┏━━
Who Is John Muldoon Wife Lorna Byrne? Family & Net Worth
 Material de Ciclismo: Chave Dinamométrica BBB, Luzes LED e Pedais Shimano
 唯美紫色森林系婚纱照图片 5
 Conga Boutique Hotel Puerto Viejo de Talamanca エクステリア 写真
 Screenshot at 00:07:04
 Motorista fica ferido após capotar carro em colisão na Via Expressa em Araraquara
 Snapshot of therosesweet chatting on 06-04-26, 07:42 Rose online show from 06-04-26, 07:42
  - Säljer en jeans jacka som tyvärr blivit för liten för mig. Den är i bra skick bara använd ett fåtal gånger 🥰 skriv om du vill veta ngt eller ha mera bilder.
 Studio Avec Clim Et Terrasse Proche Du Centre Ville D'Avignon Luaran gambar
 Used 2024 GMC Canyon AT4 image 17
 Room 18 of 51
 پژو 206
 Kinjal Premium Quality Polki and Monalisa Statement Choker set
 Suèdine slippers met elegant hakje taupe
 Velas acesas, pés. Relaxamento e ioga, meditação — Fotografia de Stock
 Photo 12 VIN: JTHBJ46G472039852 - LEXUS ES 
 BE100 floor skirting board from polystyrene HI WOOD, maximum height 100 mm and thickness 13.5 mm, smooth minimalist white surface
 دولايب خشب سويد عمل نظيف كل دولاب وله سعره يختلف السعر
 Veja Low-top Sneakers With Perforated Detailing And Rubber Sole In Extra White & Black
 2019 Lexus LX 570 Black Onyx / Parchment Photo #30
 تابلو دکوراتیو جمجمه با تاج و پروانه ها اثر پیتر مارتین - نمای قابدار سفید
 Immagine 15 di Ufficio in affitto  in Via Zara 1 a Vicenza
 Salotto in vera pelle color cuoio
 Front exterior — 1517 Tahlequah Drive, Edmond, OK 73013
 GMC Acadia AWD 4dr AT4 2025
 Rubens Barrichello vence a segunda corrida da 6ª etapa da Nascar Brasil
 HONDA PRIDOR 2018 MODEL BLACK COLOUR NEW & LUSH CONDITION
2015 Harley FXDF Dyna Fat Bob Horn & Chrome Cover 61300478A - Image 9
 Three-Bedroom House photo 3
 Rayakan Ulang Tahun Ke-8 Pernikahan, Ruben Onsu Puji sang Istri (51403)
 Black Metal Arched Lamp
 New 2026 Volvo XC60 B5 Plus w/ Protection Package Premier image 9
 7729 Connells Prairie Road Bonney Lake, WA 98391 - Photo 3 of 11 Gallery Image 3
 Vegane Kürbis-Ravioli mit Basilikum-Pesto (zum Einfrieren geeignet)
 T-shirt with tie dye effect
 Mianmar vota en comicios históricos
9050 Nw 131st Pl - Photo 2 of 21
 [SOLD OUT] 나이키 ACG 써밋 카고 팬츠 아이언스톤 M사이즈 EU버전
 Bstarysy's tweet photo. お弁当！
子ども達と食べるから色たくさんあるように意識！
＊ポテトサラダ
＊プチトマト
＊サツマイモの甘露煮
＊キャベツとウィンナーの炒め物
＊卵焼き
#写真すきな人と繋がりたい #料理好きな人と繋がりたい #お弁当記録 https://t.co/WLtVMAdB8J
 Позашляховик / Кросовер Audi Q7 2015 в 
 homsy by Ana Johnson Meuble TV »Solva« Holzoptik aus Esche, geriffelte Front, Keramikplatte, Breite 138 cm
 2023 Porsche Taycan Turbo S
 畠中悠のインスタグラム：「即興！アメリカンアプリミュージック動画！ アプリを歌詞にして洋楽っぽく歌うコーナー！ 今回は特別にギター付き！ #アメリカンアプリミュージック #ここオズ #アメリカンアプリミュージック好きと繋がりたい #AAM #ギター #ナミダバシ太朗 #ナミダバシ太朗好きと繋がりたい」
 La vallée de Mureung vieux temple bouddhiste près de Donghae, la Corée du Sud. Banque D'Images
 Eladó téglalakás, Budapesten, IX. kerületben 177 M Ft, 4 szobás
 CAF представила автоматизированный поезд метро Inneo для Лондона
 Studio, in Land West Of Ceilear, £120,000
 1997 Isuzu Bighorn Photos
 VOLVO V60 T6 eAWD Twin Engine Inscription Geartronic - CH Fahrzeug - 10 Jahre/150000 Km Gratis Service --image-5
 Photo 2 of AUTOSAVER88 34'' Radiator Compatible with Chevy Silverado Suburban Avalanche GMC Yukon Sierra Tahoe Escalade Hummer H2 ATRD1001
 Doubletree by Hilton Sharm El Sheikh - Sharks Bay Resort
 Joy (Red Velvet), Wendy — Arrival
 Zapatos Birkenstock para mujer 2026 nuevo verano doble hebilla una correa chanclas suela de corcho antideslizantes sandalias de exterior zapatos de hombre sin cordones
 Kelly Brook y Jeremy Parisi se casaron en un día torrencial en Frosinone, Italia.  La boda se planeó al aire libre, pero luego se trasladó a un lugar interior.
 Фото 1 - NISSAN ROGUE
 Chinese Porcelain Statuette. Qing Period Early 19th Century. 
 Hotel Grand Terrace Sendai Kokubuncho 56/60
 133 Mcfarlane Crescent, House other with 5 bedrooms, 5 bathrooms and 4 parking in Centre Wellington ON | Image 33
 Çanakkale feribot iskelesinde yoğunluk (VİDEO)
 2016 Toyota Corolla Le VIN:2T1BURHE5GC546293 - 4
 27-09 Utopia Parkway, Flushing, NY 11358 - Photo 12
┗━━
What to do:
Please set down the entire material above exactly as presented.

Task solution:
Who Is John Muldoon Wife Lorna Byrne? Family & Net Worth
 Material de Ciclismo: Chave Dinamométrica BBB, Luzes LED e Pedais Shimano
 唯美紫色森林系婚纱照图片 5
 Conga Boutique Hotel Puerto Viejo de Talamanca エクステリア 写真
 Screenshot at 00:07:04
 Motorista fica ferido após capotar carro em colisão na Via Expressa em Araraquara
 Snapshot of therosesweet chatting on 06-04-26, 07:42 Rose online show from 06-04-26, 07:42
  - Säljer en jeans jacka som tyvärr blivit för liten för mig. Den är i bra skick bara använd ett fåtal gånger 🥰 skriv om du vill veta ngt eller ha mera bilder.
 Studio Avec Clim Et Terrasse Proche Du Centre Ville D'Avignon Luaran gambar
 Used 2024 GMC Canyon AT4 image 17
 Room 18 of 51
 پژو 206
 Kinjal Premium Quality Polki and Monalisa Statement Choker set
 Suèdine slippers met elegant hakje taupe
 Velas acesas, pés. Relaxamento e ioga, meditação — Fotografia de Stock
 Photo 12 VIN: JTHBJ46G472039852 - LEXUS ES 
 BE100 floor skirting board from polystyrene HI WOOD, maximum height 100 mm and thickness 13.5 mm, smooth minimalist white surface
 دولايب خشب سويد عمل نظيف كل دولاب وله سعره يختلف السعر
 Veja Low-top Sneakers With Perforated Detailing And Rubber Sole In Extra White & Black
 2019 Lexus LX 570 Black Onyx / Parchment Photo #30
 تابلو دکوراتیو جمجمه با تاج و پروانه ها اثر پیتر مارتین - نمای قابدار سفید
 Immagine 15 di Ufficio in affitto  in Via Zara 1 a Vicenza
 Salotto in vera pelle color cuoio
 Front exterior — 1517 Tahlequah Drive, Edmond, OK 73013
 GMC Acadia AWD 4dr AT4 2025
 Rubens Barrichello vence a segunda corrida da 6ª etapa da Nascar Brasil
 HONDA PRIDOR 2018 MODEL BLACK COLOUR NEW & LUSH CONDITION
2015 Harley FXDF Dyna Fat Bob Horn & Chrome Cover 61300478A - Image 9
 Three-Bedroom House photo 3
 Rayakan Ulang Tahun Ke-8 Pernikahan, Ruben Onsu Puji sang Istri (51403)
 Black Metal Arched Lamp
 New 2026 Volvo XC60 B5 Plus w/ Protection Package Premier image 9
 7729 Connells Prairie Road Bonney Lake, WA 98391 - Photo 3 of 11 Gallery Image 3
 Vegane Kürbis-Ravioli mit Basilikum-Pesto (zum Einfrieren geeignet)
 T-shirt with tie dye effect
 Mianmar vota en comicios históricos
9050 Nw 131st Pl - Photo 2 of 21
 [SOLD OUT] 나이키 ACG 써밋 카고 팬츠 아이언스톤 M사이즈 EU버전
 Bstarysy's tweet photo. お弁当！
子ども達と食べるから色たくさんあるように意識！
＊ポテトサラダ
＊プチトマト
＊サツマイモの甘露煮
＊キャベツとウィンナーの炒め物
＊卵焼き
#写真すきな人と繋がりたい #料理好きな人と繋がりたい #お弁当記録 https://t.co/WLtVMAdB8J
 Позашляховик / Кросовер Audi Q7 2015 в 
 homsy by Ana Johnson Meuble TV »Solva« Holzoptik aus Esche, geriffelte Front, Keramikplatte, Breite 138 cm
 2023 Porsche Taycan Turbo S
 畠中悠のインスタグラム：「即興！アメリカンアプリミュージック動画！ アプリを歌詞にして洋楽っぽく歌うコーナー！ 今回は特別にギター付き！ #アメリカンアプリミュージック #ここオズ #アメリカンアプリミュージック好きと繋がりたい #AAM #ギター #ナミダバシ太朗 #ナミダバシ太朗好きと繋がりたい」
 La vallée de Mureung vieux temple bouddhiste près de Donghae, la Corée du Sud. Banque D'Images
 Eladó téglalakás, Budapesten, IX. kerületben 177 M Ft, 4 szobás
 CAF представила автоматизированный поезд метро Inneo для Лондона
 Studio, in Land West Of Ceilear, £120,000
 1997 Isuzu Bighorn Photos
 VOLVO V60 T6 eAWD Twin Engine Inscription Geartronic - CH Fahrzeug - 10 Jahre/150000 Km Gratis Service --image-5
 Photo 2 of AUTOSAVER88 34'' Radiator Compatible with Chevy Silverado Suburban Avalanche GMC Yukon Sierra Tahoe Escalade Hummer H2 ATRD1001
 Doubletree by Hilton Sharm El Sheikh - Sharks Bay Resort
 Joy (Red Velvet), Wendy — Arrival
 Zapatos Birkenstock para mujer 2026 nuevo verano doble hebilla una correa chanclas suela de corcho antideslizantes sandalias de exterior zapatos de hombre sin cordones
 Kelly Brook y Jeremy Parisi se casaron en un día torrencial en Frosinone, Italia.  La boda se planeó al aire libre, pero luego se trasladó a un lugar interior.
 Фото 1 - NISSAN ROGUE
 Chinese Porcelain Statuette. Qing Period Early 19th Century. 
 Hotel Grand Terrace Sendai Kokubuncho 56/60
 133 Mcfarlane Crescent, House other with 5 bedrooms, 5 bathrooms and 4 parking in Centre Wellington ON | Image 33
 Çanakkale feribot iskelesinde yoğunluk (VİDEO)
 2016 Toyota Corolla Le VIN:2T1BURHE5GC546293 - 4
 27-09 Utopia Parkway, Flushing, NY 11358 - Photo 12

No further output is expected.